Omit the pictures, but give back every entry below exactly as written.

◆ GIVEN RECORDS

▬▬▬▬▬▬▬▬▬▬

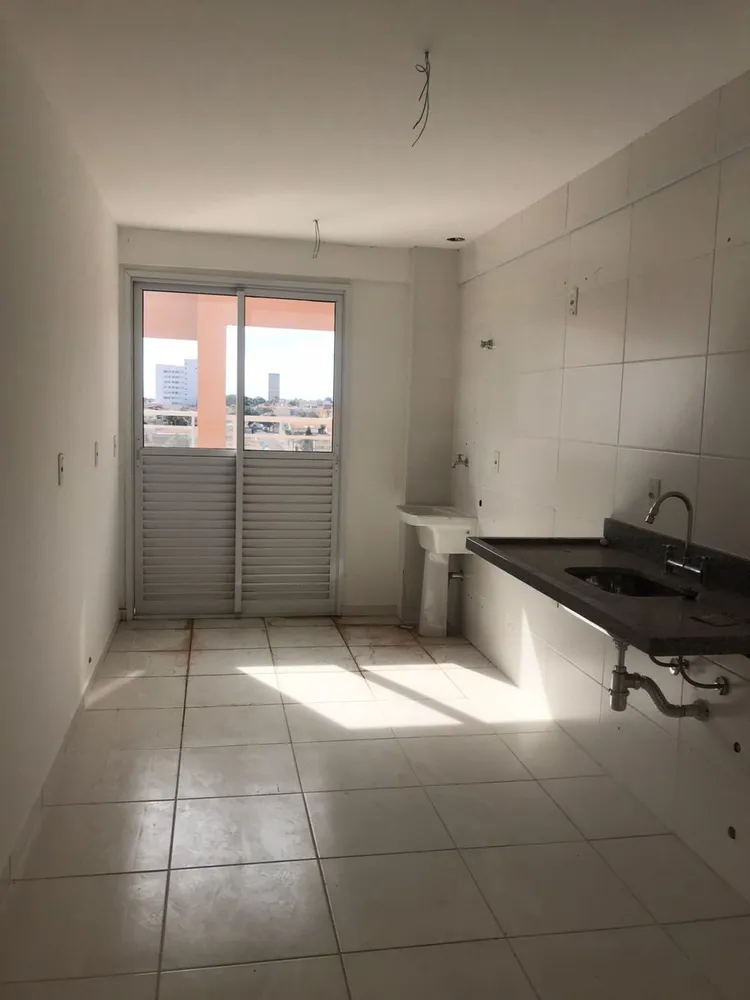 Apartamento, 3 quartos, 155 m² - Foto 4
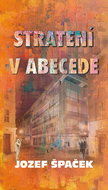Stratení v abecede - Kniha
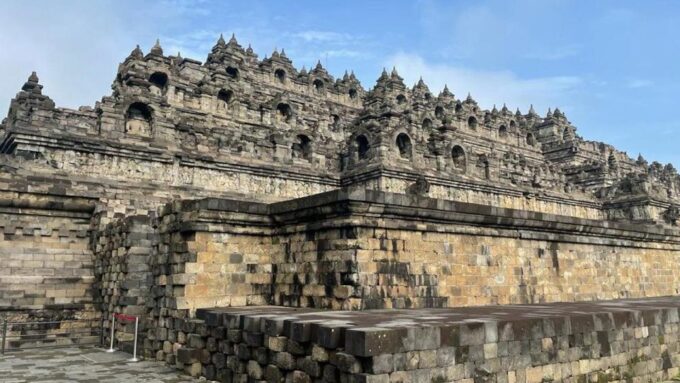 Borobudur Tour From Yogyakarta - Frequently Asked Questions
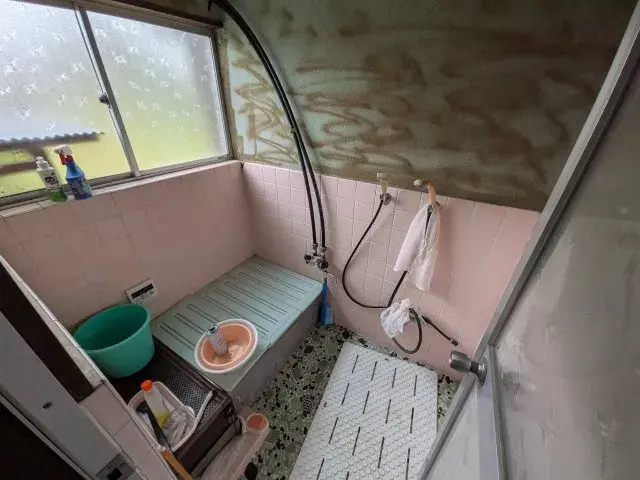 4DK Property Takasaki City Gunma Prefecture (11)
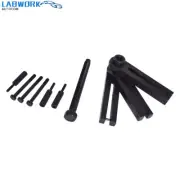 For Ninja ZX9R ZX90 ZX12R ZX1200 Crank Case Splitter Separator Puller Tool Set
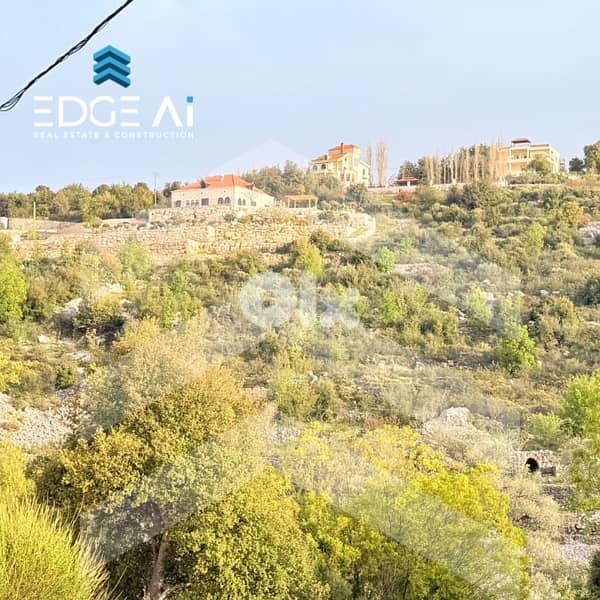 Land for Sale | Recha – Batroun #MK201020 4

▬▬▬▬▬▬▬▬▬▬

◆ SOLUTION BELOW
 Apartamento, 3 quartos, 155 m² - Foto 4
Stratení v abecede - Kniha
 Borobudur Tour From Yogyakarta - Frequently Asked Questions
 4DK Property Takasaki City Gunma Prefecture (11)
 For Ninja ZX9R ZX90 ZX12R ZX1200 Crank Case Splitter Separator Puller Tool Set
 Land for Sale | Recha – Batroun #MK201020 4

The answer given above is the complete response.